When running this code simply change the search_results line:

full_search(query, pages=20)

If you'd like to search for 100 pages of boring stuff, simply change it to:

full_search(query, pages=100)

And add boring stuff to your QUERIES array: ["cool stuff", "boring stuff"]

Other things you can tweak are:

  • location
  • MAX_THREADS
  • MAX_RETRIES
  • num

If you'd like to run this code, simply copy and paste it into a Python script yourscript.py. Obviously you can name it whatever you want. Once you have your script and dependencies installed, run the following command:

python yourscript.py

This will output a CSV file containing your search results.
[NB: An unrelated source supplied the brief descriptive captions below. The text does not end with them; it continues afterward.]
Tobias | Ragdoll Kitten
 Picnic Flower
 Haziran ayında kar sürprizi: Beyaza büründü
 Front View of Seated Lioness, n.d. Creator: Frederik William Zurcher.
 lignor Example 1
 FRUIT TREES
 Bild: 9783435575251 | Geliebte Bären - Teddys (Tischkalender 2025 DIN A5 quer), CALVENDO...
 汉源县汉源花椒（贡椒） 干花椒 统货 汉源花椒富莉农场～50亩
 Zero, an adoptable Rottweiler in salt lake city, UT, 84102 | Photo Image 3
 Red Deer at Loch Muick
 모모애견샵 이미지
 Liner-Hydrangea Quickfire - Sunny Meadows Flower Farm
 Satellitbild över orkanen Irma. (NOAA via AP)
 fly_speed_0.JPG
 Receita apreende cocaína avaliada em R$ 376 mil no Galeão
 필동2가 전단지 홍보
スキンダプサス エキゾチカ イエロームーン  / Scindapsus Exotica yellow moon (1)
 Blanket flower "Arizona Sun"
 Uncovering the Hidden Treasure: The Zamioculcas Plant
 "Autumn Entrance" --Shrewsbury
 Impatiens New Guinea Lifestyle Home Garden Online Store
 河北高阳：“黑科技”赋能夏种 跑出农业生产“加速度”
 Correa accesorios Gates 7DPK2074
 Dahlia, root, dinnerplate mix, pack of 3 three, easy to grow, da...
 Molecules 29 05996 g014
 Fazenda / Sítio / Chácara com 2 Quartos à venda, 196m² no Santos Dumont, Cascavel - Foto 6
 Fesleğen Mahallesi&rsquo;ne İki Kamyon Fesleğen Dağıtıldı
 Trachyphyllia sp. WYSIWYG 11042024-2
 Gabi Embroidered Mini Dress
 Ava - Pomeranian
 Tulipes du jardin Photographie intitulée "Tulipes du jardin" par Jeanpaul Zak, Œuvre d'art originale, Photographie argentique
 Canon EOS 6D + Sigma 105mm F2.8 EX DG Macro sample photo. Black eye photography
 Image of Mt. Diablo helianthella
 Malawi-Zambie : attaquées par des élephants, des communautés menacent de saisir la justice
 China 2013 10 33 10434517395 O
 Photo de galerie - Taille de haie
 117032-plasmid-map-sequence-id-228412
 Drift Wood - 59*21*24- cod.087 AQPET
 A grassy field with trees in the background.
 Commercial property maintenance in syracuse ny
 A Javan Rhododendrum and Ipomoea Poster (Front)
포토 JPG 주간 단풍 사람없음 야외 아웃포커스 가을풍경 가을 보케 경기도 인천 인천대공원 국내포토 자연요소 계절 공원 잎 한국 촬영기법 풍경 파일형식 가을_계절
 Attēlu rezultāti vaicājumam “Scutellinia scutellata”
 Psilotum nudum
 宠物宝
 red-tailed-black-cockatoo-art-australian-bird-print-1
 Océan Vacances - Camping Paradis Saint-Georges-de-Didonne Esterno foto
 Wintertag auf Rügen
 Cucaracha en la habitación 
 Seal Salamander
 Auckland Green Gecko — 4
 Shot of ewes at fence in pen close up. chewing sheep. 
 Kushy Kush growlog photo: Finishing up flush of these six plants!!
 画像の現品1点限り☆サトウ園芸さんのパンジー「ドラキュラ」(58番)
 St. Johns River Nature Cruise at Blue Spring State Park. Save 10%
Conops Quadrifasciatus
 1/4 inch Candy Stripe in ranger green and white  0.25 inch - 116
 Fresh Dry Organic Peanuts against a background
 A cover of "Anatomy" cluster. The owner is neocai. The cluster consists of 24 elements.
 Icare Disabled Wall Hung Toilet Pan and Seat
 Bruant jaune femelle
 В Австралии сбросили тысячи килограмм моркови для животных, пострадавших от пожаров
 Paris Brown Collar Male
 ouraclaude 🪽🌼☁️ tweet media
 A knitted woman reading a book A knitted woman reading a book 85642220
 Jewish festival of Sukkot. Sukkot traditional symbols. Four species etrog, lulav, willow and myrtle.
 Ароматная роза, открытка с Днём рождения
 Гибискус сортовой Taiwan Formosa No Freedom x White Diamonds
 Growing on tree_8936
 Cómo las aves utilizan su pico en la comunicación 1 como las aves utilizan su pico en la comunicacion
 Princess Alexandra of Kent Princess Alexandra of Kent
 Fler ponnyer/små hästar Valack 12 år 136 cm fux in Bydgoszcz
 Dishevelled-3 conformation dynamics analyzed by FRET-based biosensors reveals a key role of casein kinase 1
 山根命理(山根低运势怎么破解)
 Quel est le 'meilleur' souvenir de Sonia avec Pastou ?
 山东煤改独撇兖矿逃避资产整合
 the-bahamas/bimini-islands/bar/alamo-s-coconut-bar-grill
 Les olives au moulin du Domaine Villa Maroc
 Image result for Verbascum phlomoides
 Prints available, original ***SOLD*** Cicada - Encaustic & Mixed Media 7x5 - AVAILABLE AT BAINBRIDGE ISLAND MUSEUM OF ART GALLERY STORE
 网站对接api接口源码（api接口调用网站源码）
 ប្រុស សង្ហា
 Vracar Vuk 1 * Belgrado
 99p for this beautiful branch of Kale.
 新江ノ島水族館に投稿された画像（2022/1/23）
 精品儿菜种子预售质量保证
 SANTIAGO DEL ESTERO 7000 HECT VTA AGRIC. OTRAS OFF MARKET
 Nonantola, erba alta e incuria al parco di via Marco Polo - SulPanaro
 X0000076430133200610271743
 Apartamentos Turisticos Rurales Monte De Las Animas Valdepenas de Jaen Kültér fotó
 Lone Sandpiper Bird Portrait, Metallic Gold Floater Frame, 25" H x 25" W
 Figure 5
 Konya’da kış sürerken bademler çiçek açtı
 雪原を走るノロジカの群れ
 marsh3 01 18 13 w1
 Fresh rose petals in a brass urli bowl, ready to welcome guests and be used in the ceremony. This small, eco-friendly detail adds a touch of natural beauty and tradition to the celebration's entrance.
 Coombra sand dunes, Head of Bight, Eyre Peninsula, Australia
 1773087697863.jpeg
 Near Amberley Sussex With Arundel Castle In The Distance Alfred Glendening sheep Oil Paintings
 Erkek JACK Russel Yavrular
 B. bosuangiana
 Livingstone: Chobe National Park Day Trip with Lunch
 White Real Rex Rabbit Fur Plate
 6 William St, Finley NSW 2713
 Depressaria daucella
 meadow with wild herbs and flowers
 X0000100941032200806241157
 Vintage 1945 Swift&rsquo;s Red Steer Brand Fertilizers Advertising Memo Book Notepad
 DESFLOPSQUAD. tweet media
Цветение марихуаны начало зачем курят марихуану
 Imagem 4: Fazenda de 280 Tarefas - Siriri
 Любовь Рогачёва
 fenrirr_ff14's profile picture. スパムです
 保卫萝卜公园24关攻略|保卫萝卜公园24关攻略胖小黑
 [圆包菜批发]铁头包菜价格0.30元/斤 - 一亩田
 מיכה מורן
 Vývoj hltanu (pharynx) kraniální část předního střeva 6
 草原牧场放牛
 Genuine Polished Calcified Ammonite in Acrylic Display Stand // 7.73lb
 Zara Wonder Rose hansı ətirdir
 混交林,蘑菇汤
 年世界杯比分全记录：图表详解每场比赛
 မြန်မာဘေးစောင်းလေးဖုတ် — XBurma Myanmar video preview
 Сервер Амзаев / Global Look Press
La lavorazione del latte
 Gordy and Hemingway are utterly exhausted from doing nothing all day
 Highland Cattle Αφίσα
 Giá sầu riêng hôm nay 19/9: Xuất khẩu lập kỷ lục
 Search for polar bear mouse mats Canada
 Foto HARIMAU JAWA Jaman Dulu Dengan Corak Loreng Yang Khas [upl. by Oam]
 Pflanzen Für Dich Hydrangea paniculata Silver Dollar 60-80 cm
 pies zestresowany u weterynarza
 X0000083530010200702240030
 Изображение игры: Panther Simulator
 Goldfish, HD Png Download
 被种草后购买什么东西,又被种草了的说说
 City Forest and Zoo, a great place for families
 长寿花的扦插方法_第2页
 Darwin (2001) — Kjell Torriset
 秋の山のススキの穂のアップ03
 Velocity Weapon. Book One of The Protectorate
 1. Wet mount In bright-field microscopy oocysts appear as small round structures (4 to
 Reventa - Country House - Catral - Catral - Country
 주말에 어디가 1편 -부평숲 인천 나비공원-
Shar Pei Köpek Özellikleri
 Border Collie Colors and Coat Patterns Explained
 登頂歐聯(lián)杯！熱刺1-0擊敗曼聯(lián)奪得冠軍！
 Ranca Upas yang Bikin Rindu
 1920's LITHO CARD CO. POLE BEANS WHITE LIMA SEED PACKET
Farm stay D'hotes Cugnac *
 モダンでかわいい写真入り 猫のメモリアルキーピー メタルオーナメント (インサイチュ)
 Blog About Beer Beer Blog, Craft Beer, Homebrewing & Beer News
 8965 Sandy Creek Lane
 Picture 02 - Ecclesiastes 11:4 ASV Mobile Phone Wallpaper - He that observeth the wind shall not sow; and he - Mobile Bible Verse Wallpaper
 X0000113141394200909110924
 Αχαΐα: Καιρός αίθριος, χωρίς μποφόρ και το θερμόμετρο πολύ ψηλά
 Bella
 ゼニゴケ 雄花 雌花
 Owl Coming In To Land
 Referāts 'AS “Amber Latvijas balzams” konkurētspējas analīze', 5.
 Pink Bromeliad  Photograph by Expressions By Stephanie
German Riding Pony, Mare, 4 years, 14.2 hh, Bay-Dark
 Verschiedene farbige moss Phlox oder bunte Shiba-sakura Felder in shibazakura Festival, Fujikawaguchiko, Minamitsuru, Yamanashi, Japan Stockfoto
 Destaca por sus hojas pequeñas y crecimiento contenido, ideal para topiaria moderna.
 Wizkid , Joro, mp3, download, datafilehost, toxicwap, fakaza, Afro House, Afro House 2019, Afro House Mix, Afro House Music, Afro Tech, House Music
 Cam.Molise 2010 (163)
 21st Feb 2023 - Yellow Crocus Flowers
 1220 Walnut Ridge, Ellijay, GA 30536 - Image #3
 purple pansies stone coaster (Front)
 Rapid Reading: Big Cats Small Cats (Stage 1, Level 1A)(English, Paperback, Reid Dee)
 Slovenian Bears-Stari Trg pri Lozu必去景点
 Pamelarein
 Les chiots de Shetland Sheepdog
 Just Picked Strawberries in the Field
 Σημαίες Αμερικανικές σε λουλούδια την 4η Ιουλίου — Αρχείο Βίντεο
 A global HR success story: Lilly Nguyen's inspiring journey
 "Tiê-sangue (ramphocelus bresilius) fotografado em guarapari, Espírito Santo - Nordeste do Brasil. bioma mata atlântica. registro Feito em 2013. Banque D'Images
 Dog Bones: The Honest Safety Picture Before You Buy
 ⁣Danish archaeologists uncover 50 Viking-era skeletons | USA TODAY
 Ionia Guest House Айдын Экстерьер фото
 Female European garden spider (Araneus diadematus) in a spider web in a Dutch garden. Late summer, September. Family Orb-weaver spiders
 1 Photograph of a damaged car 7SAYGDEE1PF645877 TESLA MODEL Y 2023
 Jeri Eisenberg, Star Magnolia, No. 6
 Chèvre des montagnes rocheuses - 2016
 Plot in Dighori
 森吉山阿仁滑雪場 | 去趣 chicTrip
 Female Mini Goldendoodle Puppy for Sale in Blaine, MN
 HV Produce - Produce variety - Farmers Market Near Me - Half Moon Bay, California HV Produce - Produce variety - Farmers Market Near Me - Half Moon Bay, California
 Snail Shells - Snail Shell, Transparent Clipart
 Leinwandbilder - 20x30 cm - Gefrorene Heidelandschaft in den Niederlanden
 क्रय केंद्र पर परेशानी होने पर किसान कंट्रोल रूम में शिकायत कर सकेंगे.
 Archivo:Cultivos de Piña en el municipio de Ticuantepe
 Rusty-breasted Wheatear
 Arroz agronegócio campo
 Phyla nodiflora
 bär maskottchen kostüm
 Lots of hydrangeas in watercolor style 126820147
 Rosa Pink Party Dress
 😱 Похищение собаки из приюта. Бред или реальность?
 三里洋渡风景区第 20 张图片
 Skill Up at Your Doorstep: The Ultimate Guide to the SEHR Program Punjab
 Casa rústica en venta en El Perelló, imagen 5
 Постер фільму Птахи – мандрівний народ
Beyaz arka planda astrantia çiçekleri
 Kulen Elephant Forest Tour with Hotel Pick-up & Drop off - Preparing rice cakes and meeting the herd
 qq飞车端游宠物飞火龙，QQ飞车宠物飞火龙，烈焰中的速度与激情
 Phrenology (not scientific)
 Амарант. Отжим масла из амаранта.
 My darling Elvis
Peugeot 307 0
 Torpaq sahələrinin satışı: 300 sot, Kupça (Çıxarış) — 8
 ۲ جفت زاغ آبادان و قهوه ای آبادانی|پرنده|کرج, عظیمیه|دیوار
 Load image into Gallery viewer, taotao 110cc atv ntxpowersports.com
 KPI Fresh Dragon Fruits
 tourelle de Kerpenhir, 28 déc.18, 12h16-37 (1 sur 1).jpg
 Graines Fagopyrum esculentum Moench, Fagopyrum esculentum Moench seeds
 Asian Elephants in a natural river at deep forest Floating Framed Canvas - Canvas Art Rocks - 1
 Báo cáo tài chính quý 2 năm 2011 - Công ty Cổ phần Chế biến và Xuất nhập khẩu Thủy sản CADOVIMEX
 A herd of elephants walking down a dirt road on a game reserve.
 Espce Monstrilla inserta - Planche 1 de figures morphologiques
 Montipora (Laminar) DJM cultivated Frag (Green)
How To Architect Our Google Scraper

There are many different tools we can use to scrape Google Search. In this article, we'll focus on Requests and BeautifulSoup. Our scraper needs to be able to do the following:

  1. Perform a get request for a Google Search
  2. Interpret the results
  3. Save the number of each result, its url, and site description

For starters, we need to build a simple parser to pull the nested information from all of Google's nested divs. Once we have parser, we'll add pagination. Next, we'll add data processing and concurrency. Afterward, we'll add a proxy. Once we're ready for the production run, we'll clean everything up a bit more and improve our data processing as well.

Remember, our scraper needs:

  • Parsing
  • Pagination
  • Data Processing
  • Concurrency
  • Proxy

Before plunging head first into code, we're going to talk about how our scraper works on a high level. In this section, we're going over the required steps in greater detail. If you've got some experience in web scraping already, feel free to skip this section.


Step 1: How To Request Google Search Pages

Let's start by taking a look at Google Search results manually. The screenshot below is the result of searching the term "cool stuff".

Google Search Results Page for Cool Stuff

As you can see in the address bar, we send the following GET request:

https://www.google.com/search?q=cool+stuff

The actual domain we're pinging is https://www.google.com/search. At the end, you should notice ?q=cool+stuff.

In the address bar, a question mark, ? denotes a query (in this case we're querying q) and the variable for our query is denoted by an equal operator, =.

So, ?q=cool+stuff means that our search query is for cool stuff. If we wanted to search for boring stuff, we could instead use ?q=boring+stuff.

In the days of old, at the bottom of our page, we would see a list of page numbers. This made search results incredibly easy to scrape.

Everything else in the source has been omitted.